### What is being asked
With the pictures omitted, repeat exactly the lines below starting with the line that has "Ole Miss Football" and going on through the line that has "Pink Floyd Necklace".

Short descriptive text snippets:
_ _ _ _ _ _ _
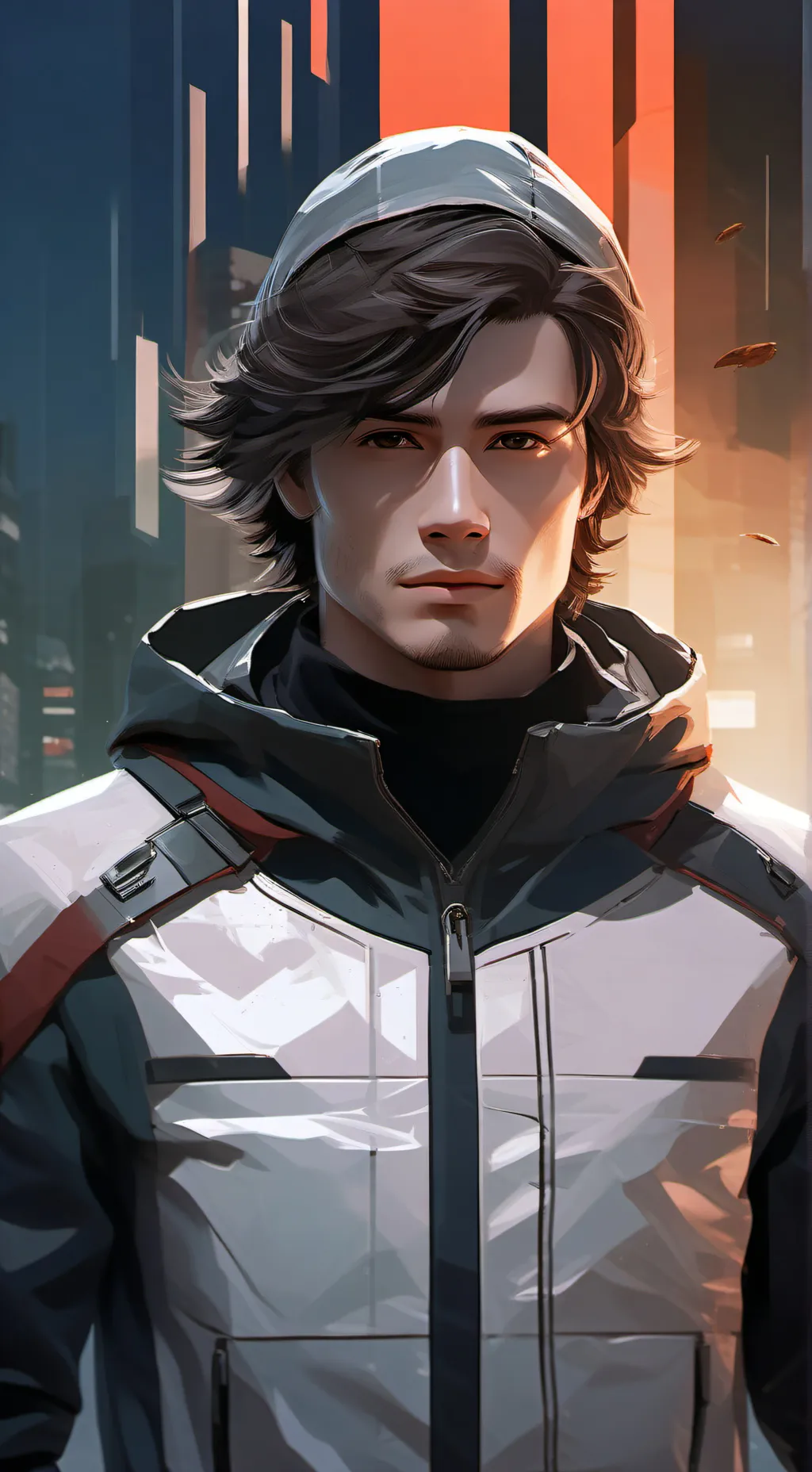 ai character: Max  background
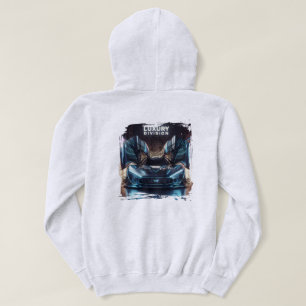 Futuristic Cyber Wing Supercar Art Hoodie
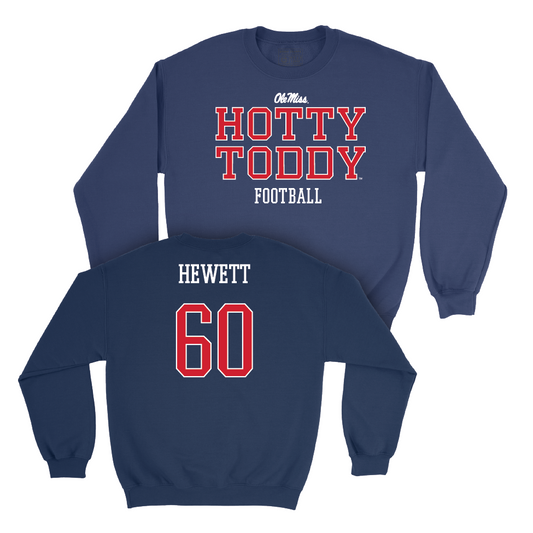 Ole Miss Football Navy Hotty Toddy Crew  - Lane Hewett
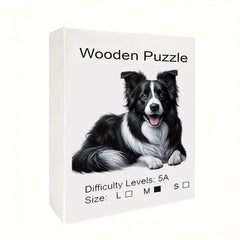 Wooden Puzzle Puppy Parrot Art Paper Box Unique Jigsaw Toy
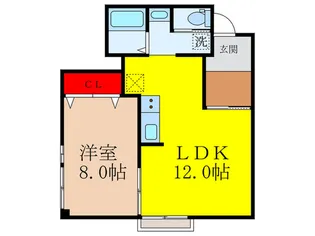 クレハマンション【1階】の間取り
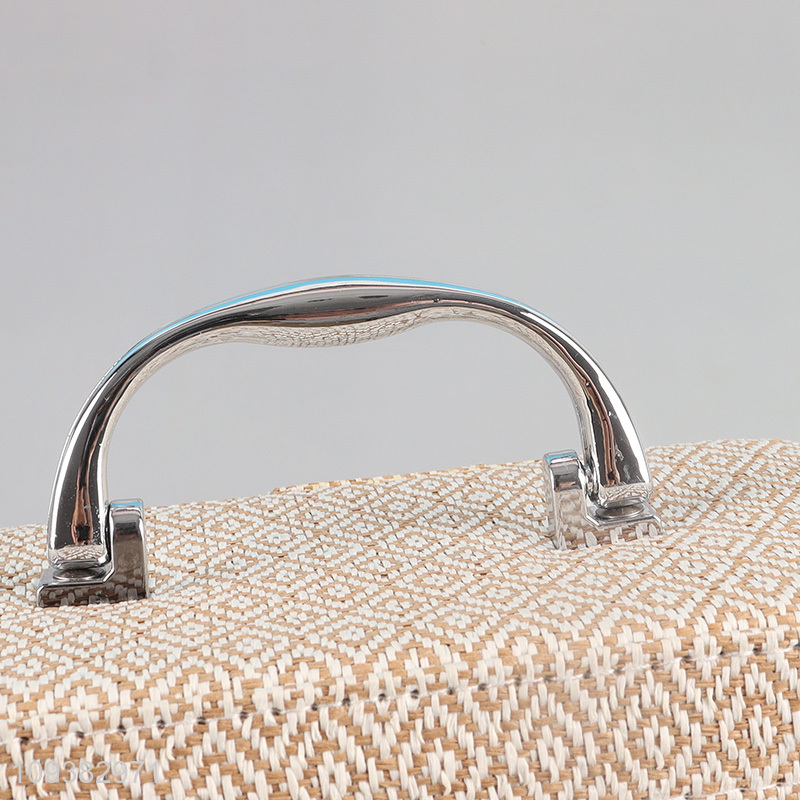 Good sale Geometric Pattern Cosmetic Case with Handle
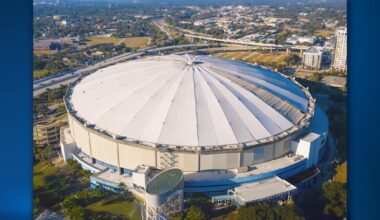 Tropicana Field roof repairs expected to finish before Rays’ April home opener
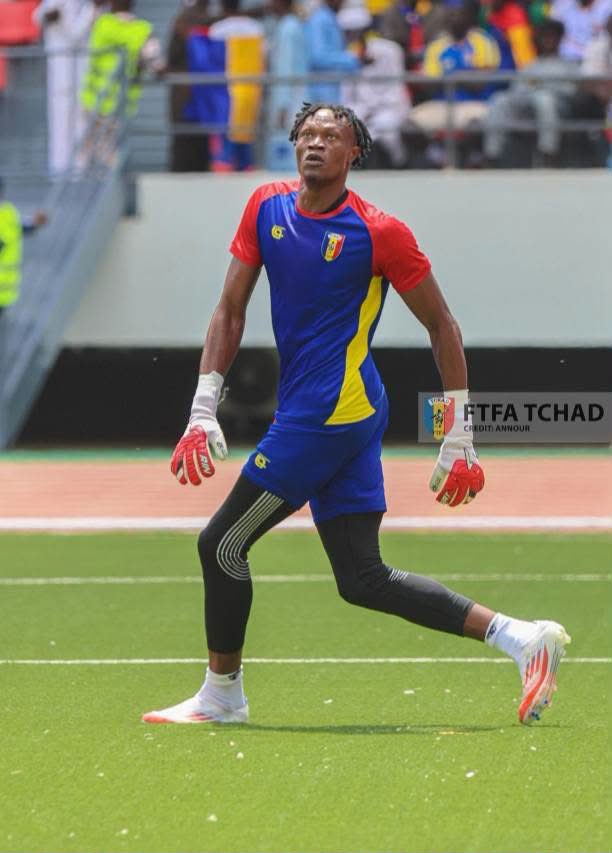 federation235's tweet photo. 🇹🇩 NOUVEAU DÉFI POUR MBAINAYSSEM JOURDAIN ! 🧤⚽

Le gardien international tchadien Mbainayssem Jourdain quitte l’Afrique du Sud et s’engage avec Gamo Chencha FC, club de première division éthiopienne.

Une nouvelle étape dans la carrière du portier tchadien, https://t.co/ZFMPK183Ev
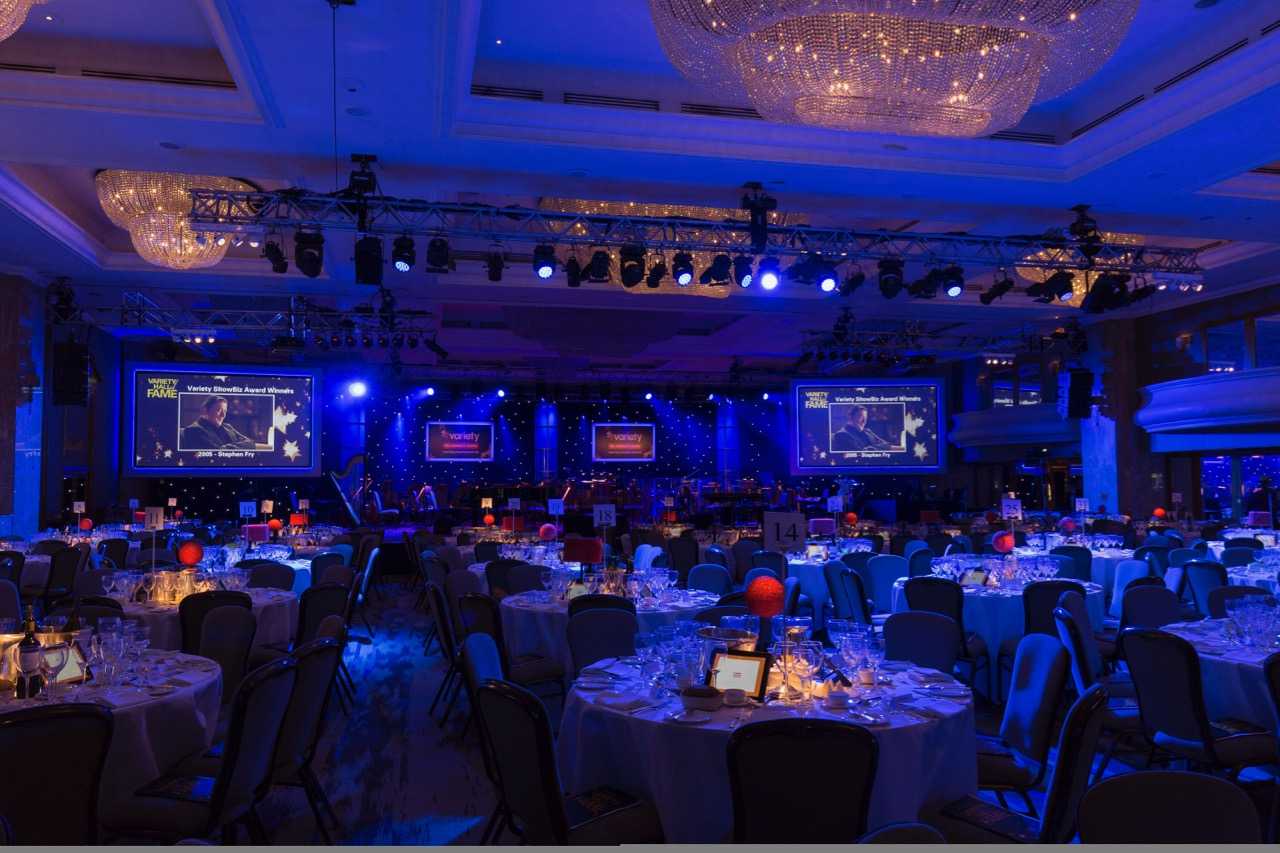 Production Plus is one of the leading players servicing corporate AV events and awards shows at some of London’s leading venues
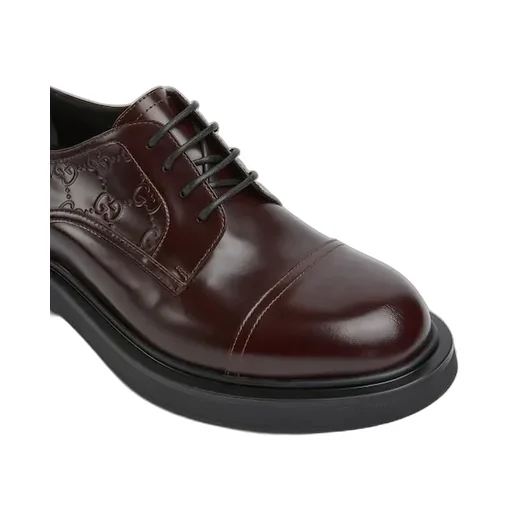 Lace-Up Shoe With Gg Detail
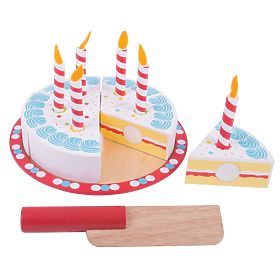 Bigjigs Toys Cutting Birthday Cake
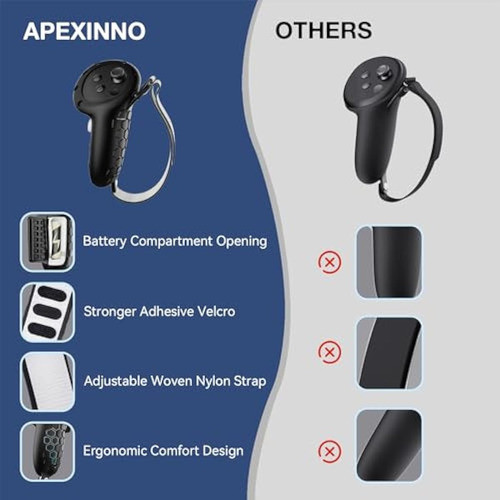 Apexinno Funda De Agarre Para Controlador Vr Para 1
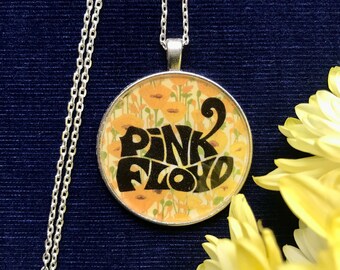 Pink Floyd Necklace or Keychain/ 60s 70s Pendant/ Hippie, Psychedelic/ Music Festival/ Classic Rock Gift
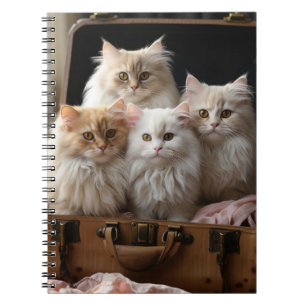PLUIZIGE PERZISCHE KATTENFAMILIE NOTITIEBOEK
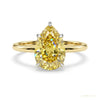 6.50 ct DEW Champagne Treated Moissanite Solitaire Ring Gift for Wife 18K Gold Plated V 18K Gold Plated – white background main image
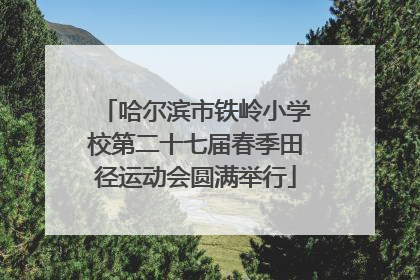 哈尔滨市铁岭小学校第二十七届春季田径运动会圆满举行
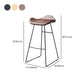 Industrial Style Bar-stool PU Leather Counter Bar Stool with Metal Legs for Home Clearhalo 'Bar Furniture' 'Bar Stools' 'bar_stools' 'furn' 'furn_bar_stools' 'Furniture' 'furniture_bar_stools' 'Kitchen & Dining Furniture' 1200x1200_da135ff7-bc6d-40e1-9161-47f1288ba1be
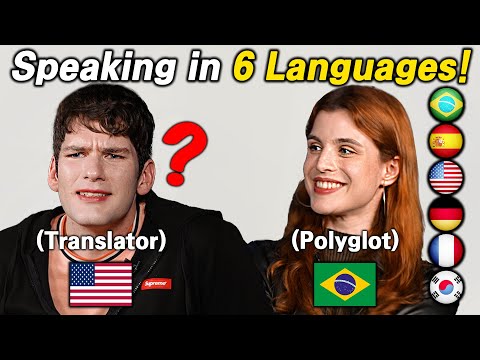 American Translator Was Shocked By Brazilian Polyglot Speaking 6 Languages!!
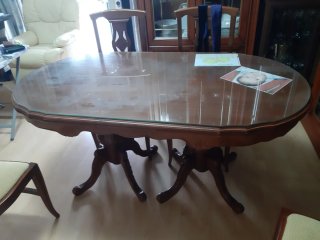 Mesa comedor extensible y 4 sillas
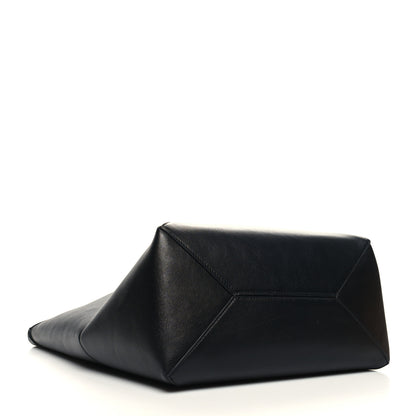 Loewe Shiny Calfskin Medium Puzzle Fold Tote Black 4 of 9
_ _ _ _ _ _ _
### Solution to this problem
 Ole Miss Football Navy Hotty Toddy Crew  - Lane Hewett
 Wooden Puzzle Puppy Parrot Art Paper Box Unique Jigsaw Toy
 クレハマンション【1階】の間取り
 Good sale Geometric Pattern Cosmetic Case with Handle
 Tropicana Field roof repairs expected to finish before Rays’ April home opener
 federation235's tweet photo. 🇹🇩 NOUVEAU DÉFI POUR MBAINAYSSEM JOURDAIN ! 🧤⚽

Le gardien international tchadien Mbainayssem Jourdain quitte l’Afrique du Sud et s’engage avec Gamo Chencha FC, club de première division éthiopienne.

Une nouvelle étape dans la carrière du portier tchadien, https://t.co/ZFMPK183Ev
 Production Plus is one of the leading players servicing corporate AV events and awards shows at some of London’s leading venues
 Lace-Up Shoe With Gg Detail
 Bigjigs Toys Cutting Birthday Cake
 Apexinno Funda De Agarre Para Controlador Vr Para 1
 Pink Floyd Necklace or Keychain/ 60s 70s Pendant/ Hippie, Psychedelic/ Music Festival/ Classic Rock Gift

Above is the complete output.